Ian Gillian Didn't Remember Joining Black Sabbath Until His Manager Called

Ian Gillian Didn't Remember Joining Black Sabbath Until His Manager Called

Don't make business decisions at the bar is a lesson Deep Purple front man Ian Gillian learned sometime around 1983 when he accidentally joined Black Sabbath.

While he's probably done worse with a few beers in his system, Gillian recalled his surprise when his manager called him a day after he'd gone out drinking with Tony Iommi and Geezer Butler and informed him that he had committed to succeeding Ozzy Osbourne and Ronnie James Dio in Black Sabbath. 

"I went for a drink with Tony and Geezer, and we ended up under the table," Gillian told Eddie Trunk in a recent interview from Deep Purple's Long Goodbye Tour. "I got a call from my manager the next day saying, 'Don't you think you should call me if you're gonna make decisions like this?' I said, 'What are you talking about?' He said ... 'You agreed to join Sabbath.' So that's how it happened. I was at a kind of loose end anyway."

Gillian had just put to rest his Ian Gillian Band, some 10 years after leaving Deep Purple. And Black Sabbath was without a front man after Dio left to pursue his eponymous band. 

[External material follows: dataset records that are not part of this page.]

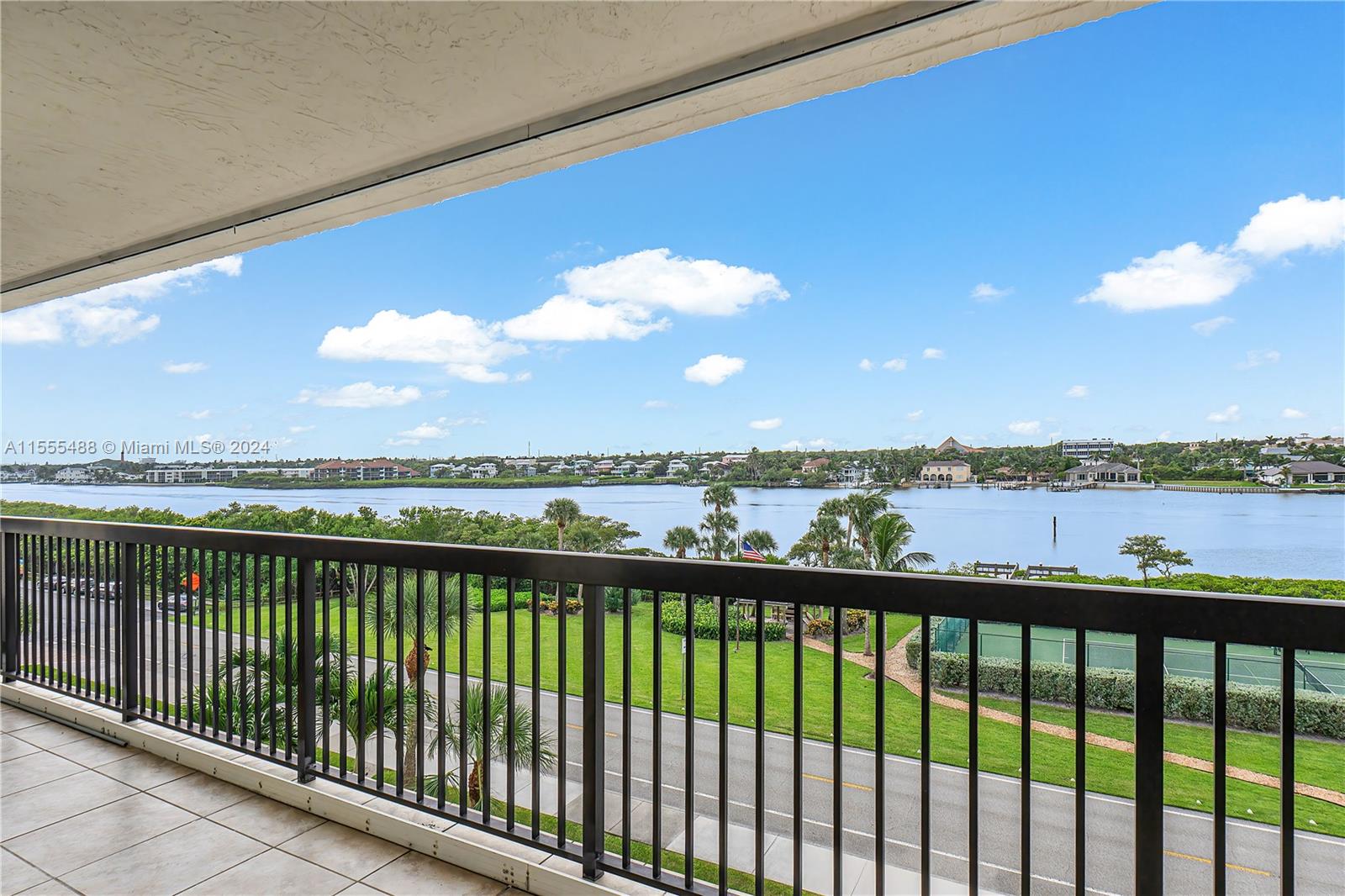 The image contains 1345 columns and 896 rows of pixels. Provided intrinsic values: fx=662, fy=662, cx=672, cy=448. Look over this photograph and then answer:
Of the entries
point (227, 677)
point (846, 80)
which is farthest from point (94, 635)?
point (846, 80)

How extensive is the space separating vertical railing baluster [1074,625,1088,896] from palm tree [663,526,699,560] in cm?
462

With Sabbath, Gillian recalled a "one-year plan" to record a new album, 1983's Born Again, and go on tour. Making the album was a unique experience, Gillian says, because he didn't work all that closely with Iommi, Butler and Bill Ward. Instead, he says he crafted his vocal parts around music that had been recorded without him.

"They were night people, so they slept all day and worked all night," Gillian said, unwittingly evoking a Dio song title from 1987. "I got up in the morning, cooked my breakfast, went to the studio to hear what they had recorded the night before and write a song over it. And that's how the album was made."

Despite the Born Again being one of Sabbath's least popular albums — and despite his own complaints over the mix being too bass-heavy — Gillian has few regrets, and the experience only deepened his respect for Sabbath.

"Tony is such a great writer," Gillian said. "You know what to expect with Tony. There's no multidirectional approach. He is the father of everything that came out of Seattle [in the '90s], I believe. He's just very direct, and that's how he evolved from the early days. I found it very easy to sing and writer songs with him."